The Ideal
All requirements are completely predictable. By doing enough analysis up-front, extra work will be discovered before the sprint starts. Accurate estimation will therefore be possible, and this question will never arise.
The Reality
Parts of your project will be new things you've never done before (otherwise it would be exactly the same project that you did before, and that never happens). Discoveries are inevitable, both in analysis and development. You can't estimate things that you've never done before, and trying to do so will usually result in floundering and / or estimate padding.
What to do about it
Recognize that there's always uncertainty in development and be adults about it. The end of the sprint is there for you to focus on getting feedback from your stakeholders, and that feedback is far more important than any story-point estimation.

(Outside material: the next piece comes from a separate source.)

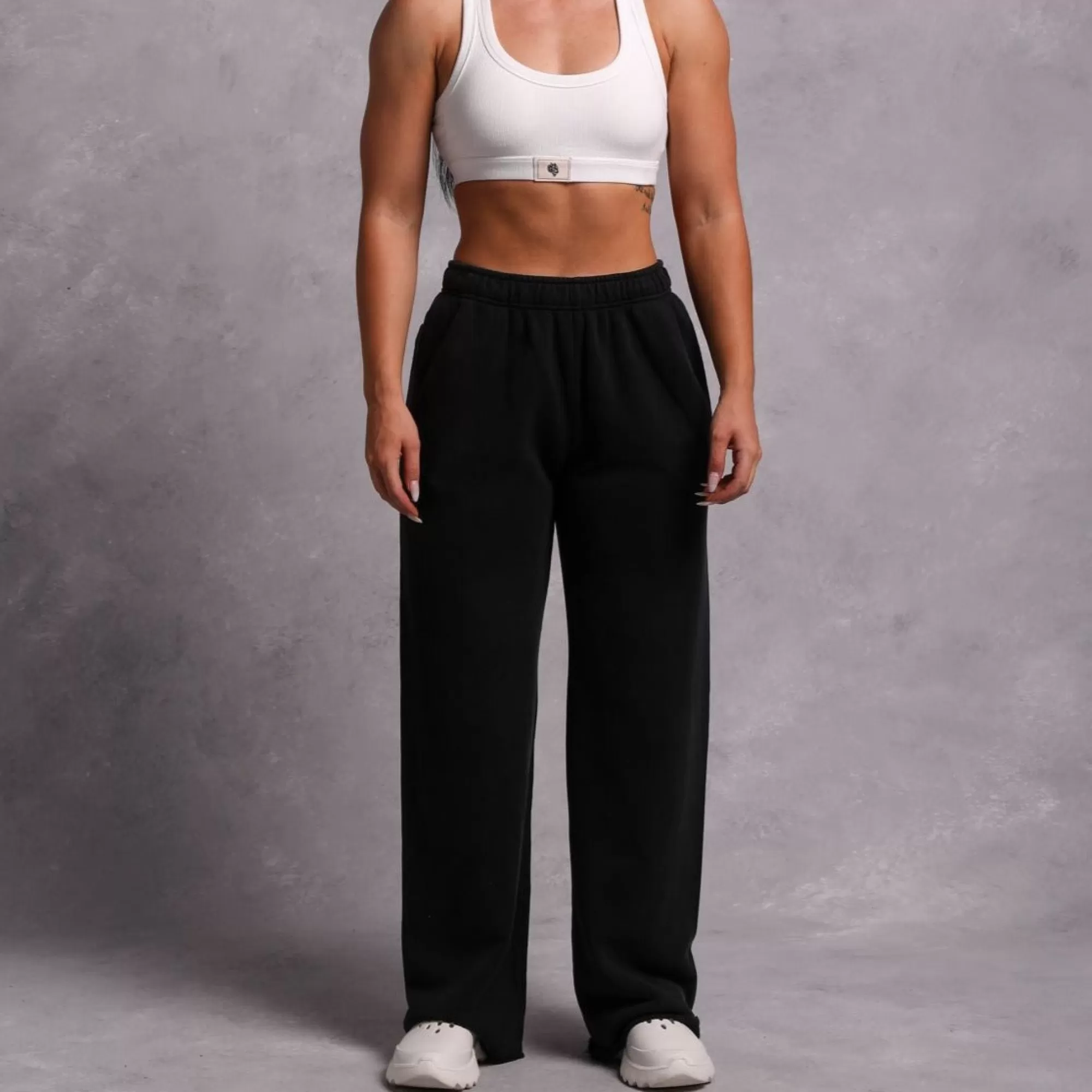 Store Dual She Big Cozy Sweats In Black Women Bottoms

Arguments over these discoveries often result in people spending more time trying to analyze the newest, most risky elements of a project ahead of time. Analysis isn't as good at flushing out those discoveries as actually delivering something is (or Waterfall methodologies would work), so when those discoveries are made, it's very important to focus on delivery and feedback.
Otherwise, analysis paralysis sets in, and those elements end up getting pushed to the end of the project instead, when there's no time to react to them.

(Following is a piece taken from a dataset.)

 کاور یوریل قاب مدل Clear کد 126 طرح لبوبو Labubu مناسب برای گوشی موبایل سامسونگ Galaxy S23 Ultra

The purpose of estimation and velocity measurement is threefold:
- To help decide the focus for the sprint
- To measure against long-term plans in order to see how a project is progressing
- To help gain stakeholders' trust through delivery.
Pure Scrum doesn't mandate story points and velocity measurements. Instead of making promises around points, consider making promises around aspects of stakeholder needs on which you'll deliver or showcase something for the purposes of learning and feedback. By addressing the riskiest aspects of a project early on, you'll learn fast, de-risk the project (and help to make more accurate plans), and gain stakeholders' trust through addressing the things that stop them sleeping at night.
Under no circumstances should the story points ever be used to "punish" the team. That will only create a rift between the PO and other team members, and the PO ought to be part of that same team.
If you're looking for a tracking mechanism, and the scope changes happen regularly, consider a burn-up chart, or CFD, instead. That will let you track your work against the scope over the longer term, and you'll also be able to see how scope itself is changing.